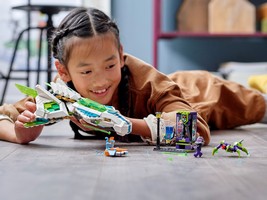 LEGO 80020 картинка 9 LEGO 80020 картинка 9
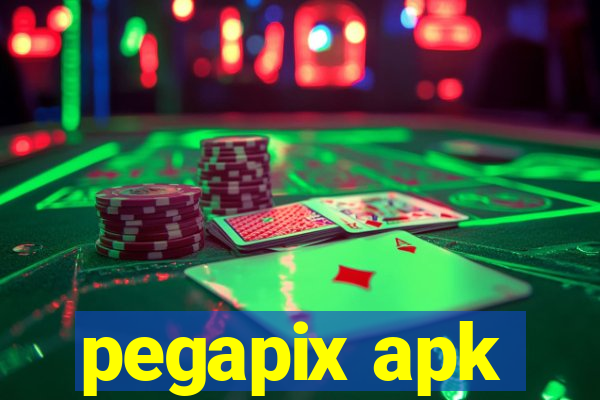 pegapix apk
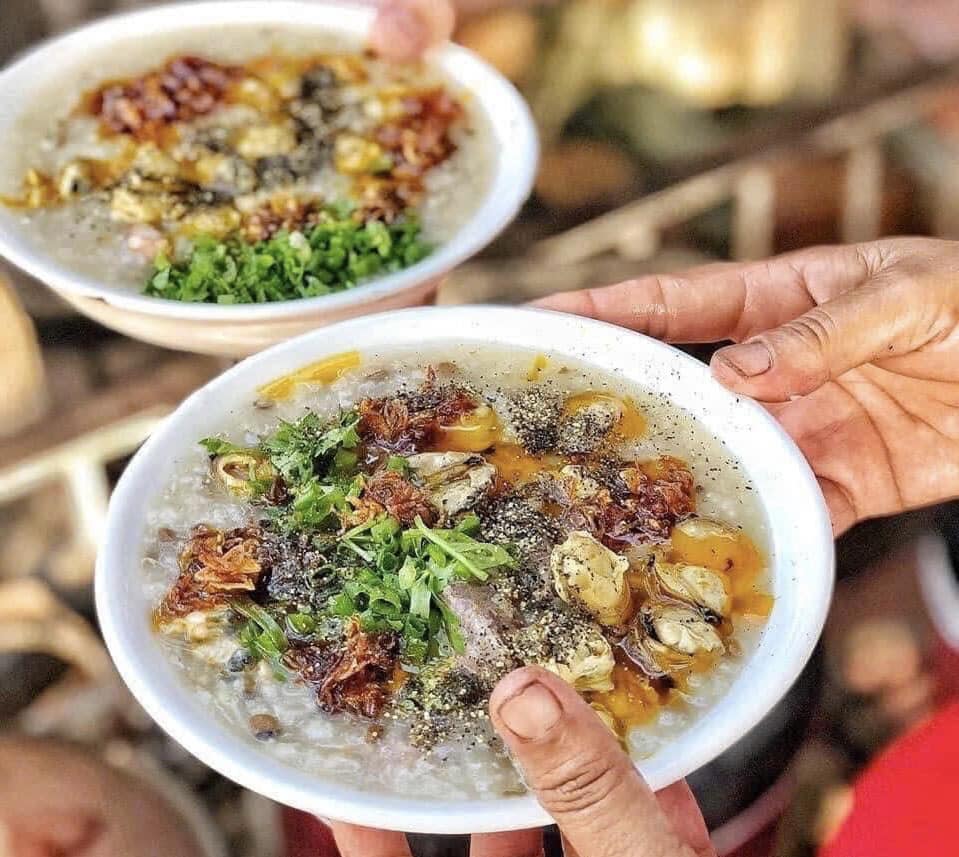 Thưởng thức muôn vàn món ngon với mức giá “hạt dẻ” khó tin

○ ○ ○ ○

**YOUR ASSIGNMENT**
Please retype all of the material exactly, skipping whatever images it holds.

**PROBLEM SOLUTION**
 LEGO 80020 картинка 9 LEGO 80020 картинка 9
 pegapix apk
 Thưởng thức muôn vàn món ngon với mức giá “hạt dẻ” khó tin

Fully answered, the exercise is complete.